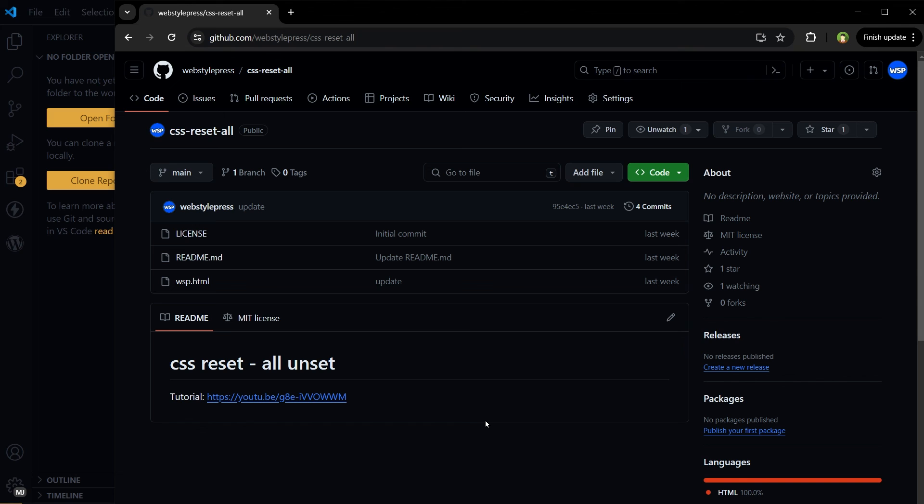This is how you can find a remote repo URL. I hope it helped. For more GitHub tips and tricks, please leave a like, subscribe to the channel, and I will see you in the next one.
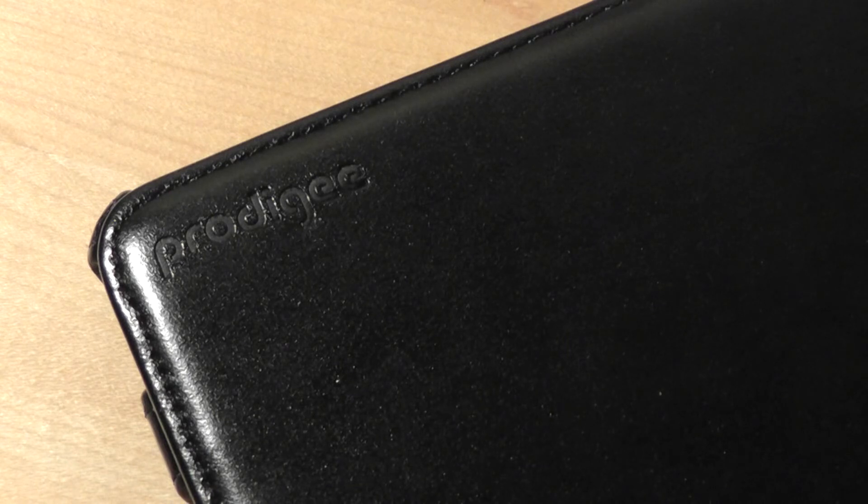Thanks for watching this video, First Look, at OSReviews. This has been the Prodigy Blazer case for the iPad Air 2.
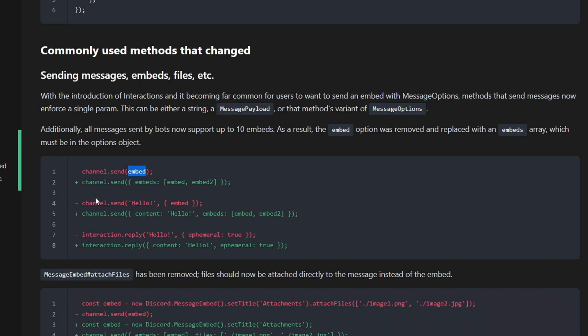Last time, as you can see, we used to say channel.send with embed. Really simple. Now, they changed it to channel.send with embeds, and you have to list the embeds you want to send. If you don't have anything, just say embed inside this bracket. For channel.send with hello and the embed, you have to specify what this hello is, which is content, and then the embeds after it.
--
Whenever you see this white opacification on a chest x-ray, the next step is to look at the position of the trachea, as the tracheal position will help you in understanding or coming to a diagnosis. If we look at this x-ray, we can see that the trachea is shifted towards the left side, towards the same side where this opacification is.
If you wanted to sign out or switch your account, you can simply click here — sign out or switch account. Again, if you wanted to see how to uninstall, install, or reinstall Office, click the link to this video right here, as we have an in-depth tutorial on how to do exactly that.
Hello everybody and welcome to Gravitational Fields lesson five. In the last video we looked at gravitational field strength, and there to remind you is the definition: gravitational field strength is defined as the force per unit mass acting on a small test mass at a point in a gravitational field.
...
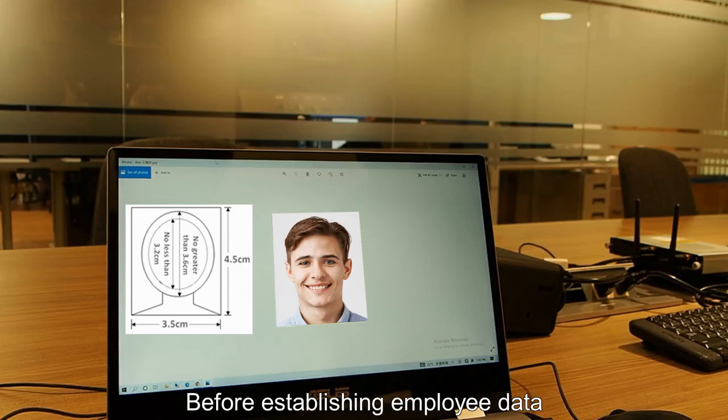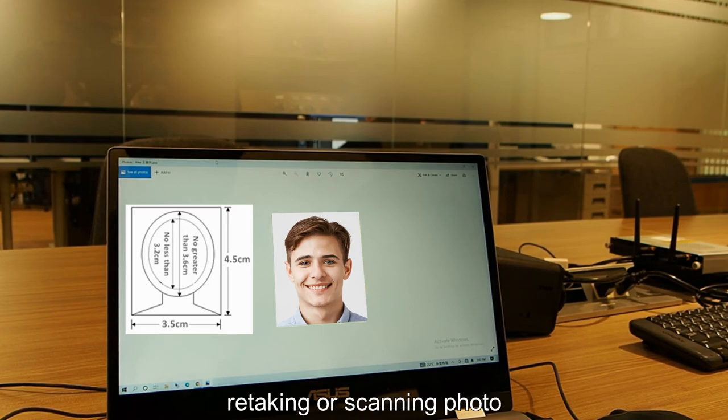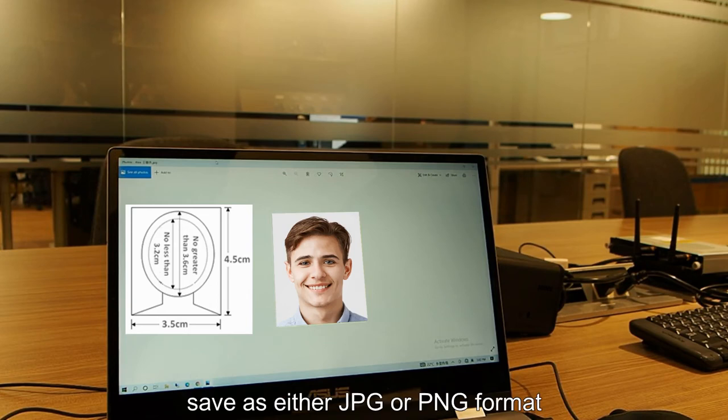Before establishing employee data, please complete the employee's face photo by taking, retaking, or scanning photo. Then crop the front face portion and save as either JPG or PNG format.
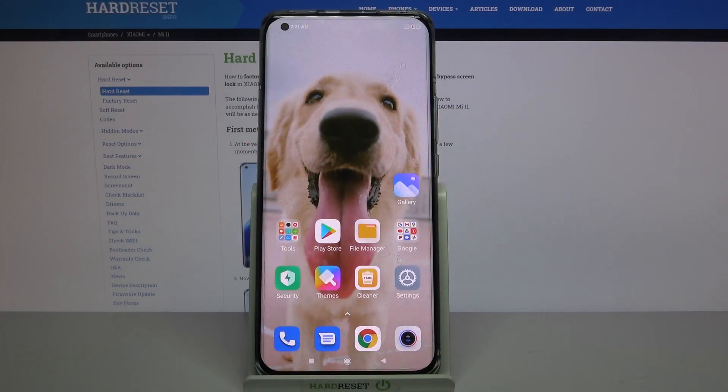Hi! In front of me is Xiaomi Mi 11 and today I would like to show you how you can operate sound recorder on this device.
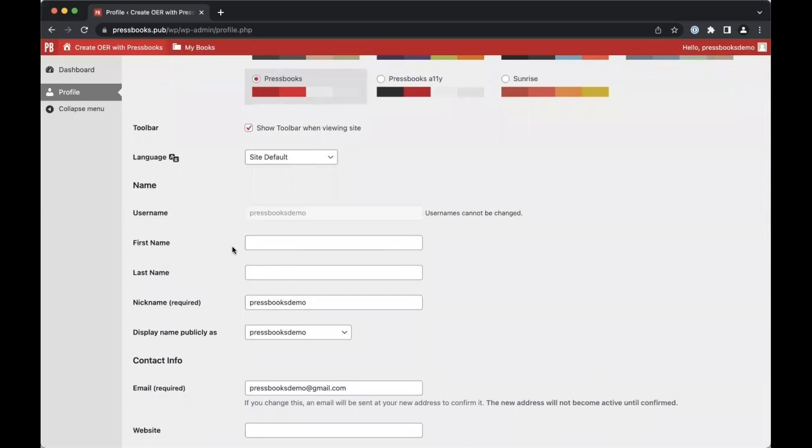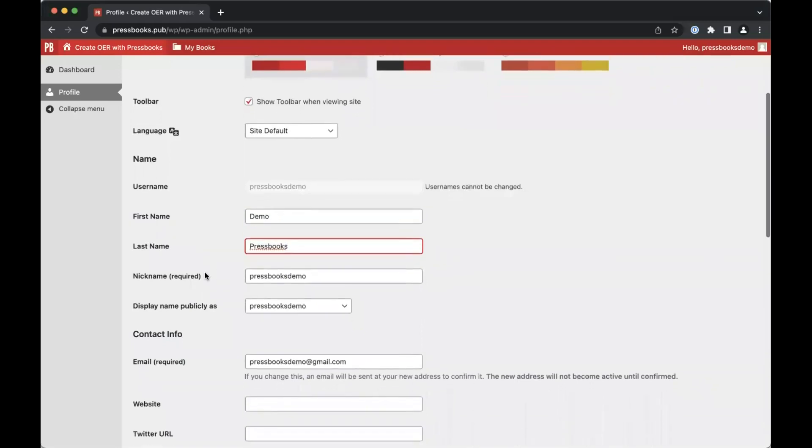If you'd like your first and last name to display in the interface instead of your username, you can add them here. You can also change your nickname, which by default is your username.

# TASK STATEMENT:
Above are the records; return the lines in them from the one with "This is how" to the one with "Thanks for watching", inclusive, exactly and without images.

# RESULT FOR THIS EXERCISE:
This is how you can find a remote repo URL. I hope it helped. For more GitHub tips and tricks, please leave a like, subscribe to the channel, and I will see you in the next one.
Thanks for watching this video, First Look, at OSReviews. This has been the Prodigy Blazer case for the iPad Air 2.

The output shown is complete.